## Exercise objective
Below this line are records; write out exactly the lines from the one containing "Mix oblečenia, 86–98" through the one containing "UmaTruewoman online show", with the pictures left out.

## Dataset content
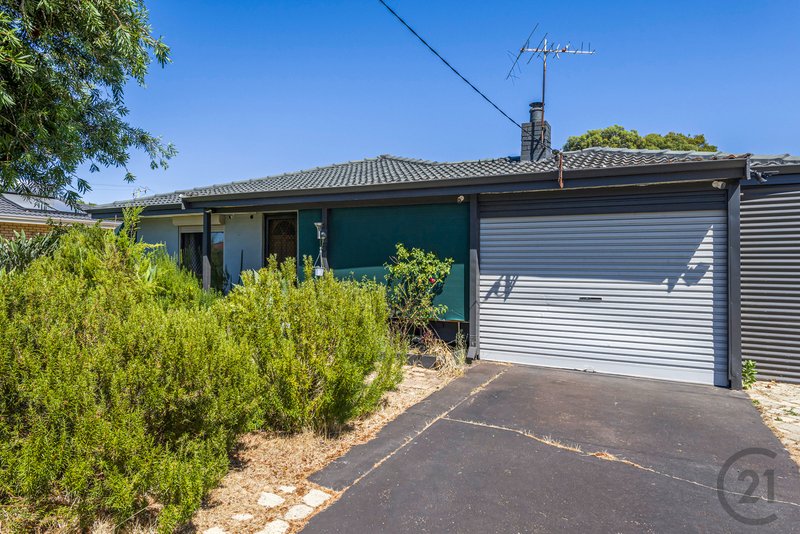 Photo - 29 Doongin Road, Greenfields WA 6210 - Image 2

---

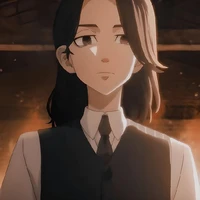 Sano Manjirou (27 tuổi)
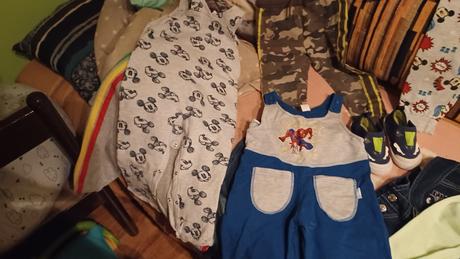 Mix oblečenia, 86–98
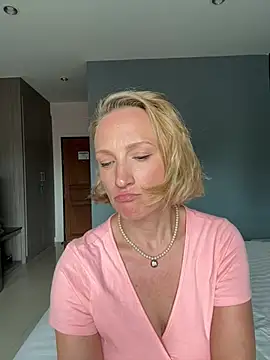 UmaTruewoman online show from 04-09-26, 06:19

* * *

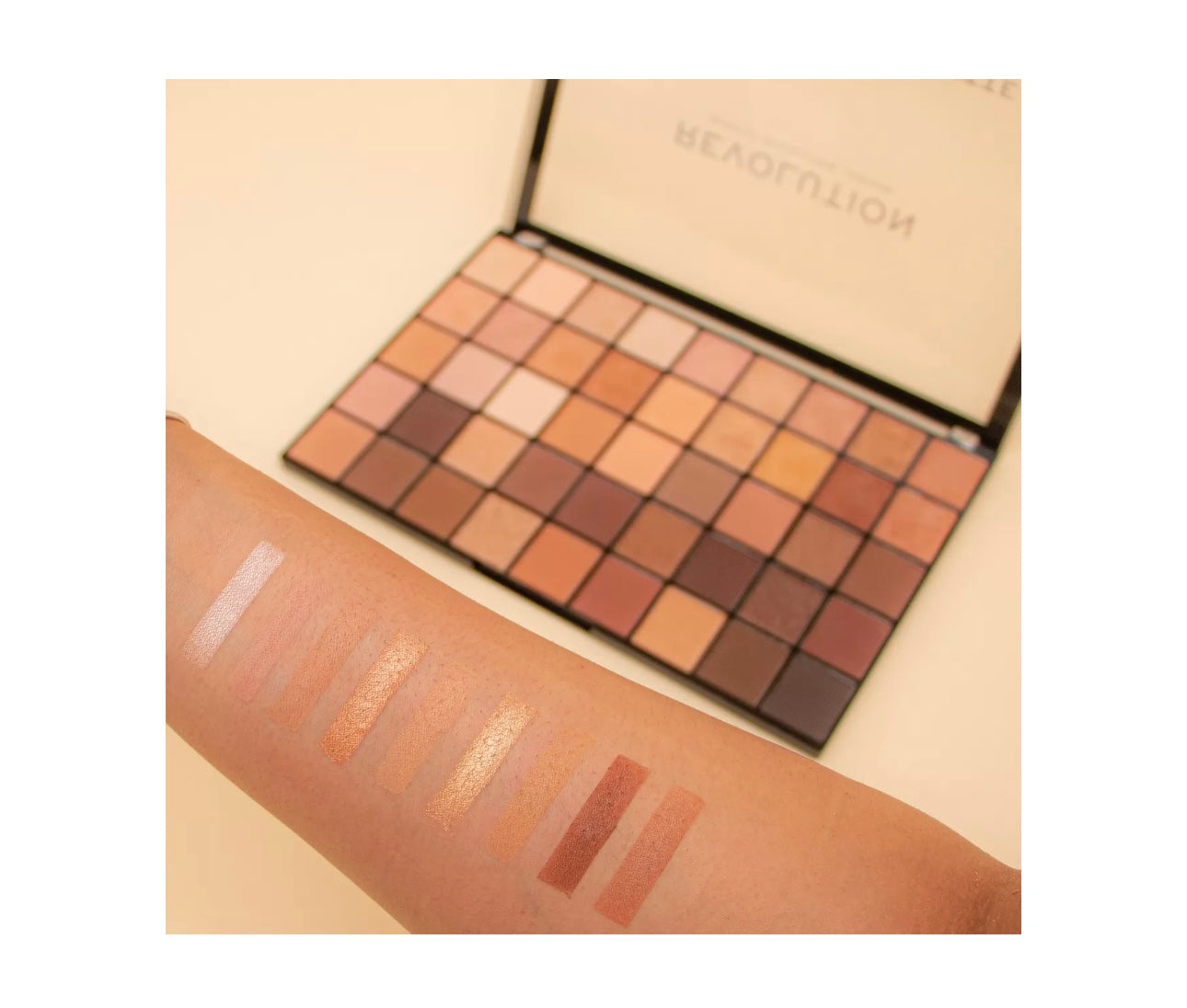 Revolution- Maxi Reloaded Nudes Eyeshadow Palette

## Solution for this exercise
 Mix oblečenia, 86–98
 UmaTruewoman online show from 04-09-26, 06:19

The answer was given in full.